Abbas insisted the Palestinians remain committed to a peaceful solution to the conflict, but he accused Israel of hindering peace efforts by expanding Jewish settlements in the occupied West Bank including east Jerusalem.

“We see Israel confiscating land, building settlements and Judaising Jerusalem with unprecedented speed … and then they ask that we return to negotiations,” Abbas told the huge crowd.

“The return to negotiations depends on Israel adhering to the terms of reference of peace and that means halting all settlements, including natural growth and Jerusalem.

“It is our right to demand the removal of all settlements from our land because they are illegal,” he added.

The crowd, waving Palestinian flags and yellow banners of Abbas’s Fatah party, crammed into the government compound to honour Arafat, who catapulted the Palestinian cause on to the world stage and led them through nearly four decades of armed struggle and sputtering peace talks.

A senior Palestinian security official estimated that tens of thousands of people had gathered in and around the Muqataa presidential compound, the headquarters of the Palestinian Authority and the site of Arafat’s mausoleum.

No rallies were held in the Gaza Strip, where Hamas drove out Fatah loyalists in 2007. Dozens of students at the Fatah-linked Al-Azhar University were arrested for wearing Arafat’s signature black-and-white chequered keffiyeh and carrying pictures of him, family members said.
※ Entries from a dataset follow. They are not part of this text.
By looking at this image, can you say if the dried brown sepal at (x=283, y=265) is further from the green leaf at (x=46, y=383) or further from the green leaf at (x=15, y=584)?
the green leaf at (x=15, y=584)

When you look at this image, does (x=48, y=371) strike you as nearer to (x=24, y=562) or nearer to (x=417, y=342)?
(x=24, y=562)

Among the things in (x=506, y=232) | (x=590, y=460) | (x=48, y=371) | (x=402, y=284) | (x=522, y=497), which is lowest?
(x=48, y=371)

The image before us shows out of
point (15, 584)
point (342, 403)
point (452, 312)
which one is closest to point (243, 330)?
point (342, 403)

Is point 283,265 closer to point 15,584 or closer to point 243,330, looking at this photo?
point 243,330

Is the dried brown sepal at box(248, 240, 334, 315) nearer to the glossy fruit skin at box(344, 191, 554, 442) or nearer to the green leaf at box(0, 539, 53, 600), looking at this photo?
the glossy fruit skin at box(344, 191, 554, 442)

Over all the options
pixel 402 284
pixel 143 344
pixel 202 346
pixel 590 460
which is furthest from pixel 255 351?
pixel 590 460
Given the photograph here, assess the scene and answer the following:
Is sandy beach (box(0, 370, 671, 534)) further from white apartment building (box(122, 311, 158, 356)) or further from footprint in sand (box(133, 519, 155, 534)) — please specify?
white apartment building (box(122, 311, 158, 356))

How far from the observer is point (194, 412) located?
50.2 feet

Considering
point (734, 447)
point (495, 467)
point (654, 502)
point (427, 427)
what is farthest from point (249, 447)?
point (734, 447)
In recent days, aides have said Abbas might resign as president because of his frustrations with the stalled peace efforts, in a move that could lead to the collapse of the Palestinian Authority (PA) established by Arafat during the Oslo peace process in the 1990s.

“The moment of truth has come and we have to be frank with the Palestinian people that we have not been able to reach a two-state solution through 18 years of negotiation,” chief Palestinian negotiator Saeb Erakat told AFP.
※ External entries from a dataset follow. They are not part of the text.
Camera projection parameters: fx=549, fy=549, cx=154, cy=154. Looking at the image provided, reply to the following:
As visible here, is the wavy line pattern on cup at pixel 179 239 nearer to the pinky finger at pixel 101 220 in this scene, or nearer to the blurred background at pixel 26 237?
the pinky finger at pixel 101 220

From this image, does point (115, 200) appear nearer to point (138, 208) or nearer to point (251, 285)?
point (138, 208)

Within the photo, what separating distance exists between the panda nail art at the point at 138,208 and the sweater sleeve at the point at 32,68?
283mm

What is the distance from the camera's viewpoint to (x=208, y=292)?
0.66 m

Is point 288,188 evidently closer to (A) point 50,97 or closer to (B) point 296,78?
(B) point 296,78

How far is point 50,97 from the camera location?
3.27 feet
“We have become convinced that Israel does not want a Palestinian state on lands it occupied in 1967,” he said, referring to Gaza and the West Bank, including east Jerusalem, all of which Israel captured in the Six Day War.

Abbas has already said he will not seek re-election in a vote he has called for January that has been rejected by Hamas, and his early resignation would throw the divided Palestinians into new legal and political limbo.

Aides have indicated that if Abbas steps down and the PA collapses, this would drive the last nail in the coffin of the defunct Oslo process and leave nearly four million Palestinians in Gaza and the West Bank again dependent on Israel for basic services.

The Palestinians demand for a complete freeze of Jewish settlements in the occupied West Bank and east Jerusalem was initially backed by Washington.

But Israel’s hawkish Prime Minister Benjamin Netanyahu has refused to freeze settlements and, in recent weeks, Washington has backed down, calling on both sides to return to the negotiating table without preconditions.

The presence of nearly a half million Jewish settlers in the occupied West Bank including east Jerusalem has long been seen by the Palestinians as a major obstacle to the establishment of a viable independent state.

Arafat, who died aged 75 in a French hospital on November 11, 2004, remains a beloved symbol of unity and resistance to Israel for the Palestinians, who have been riven by factional fighting in recent years.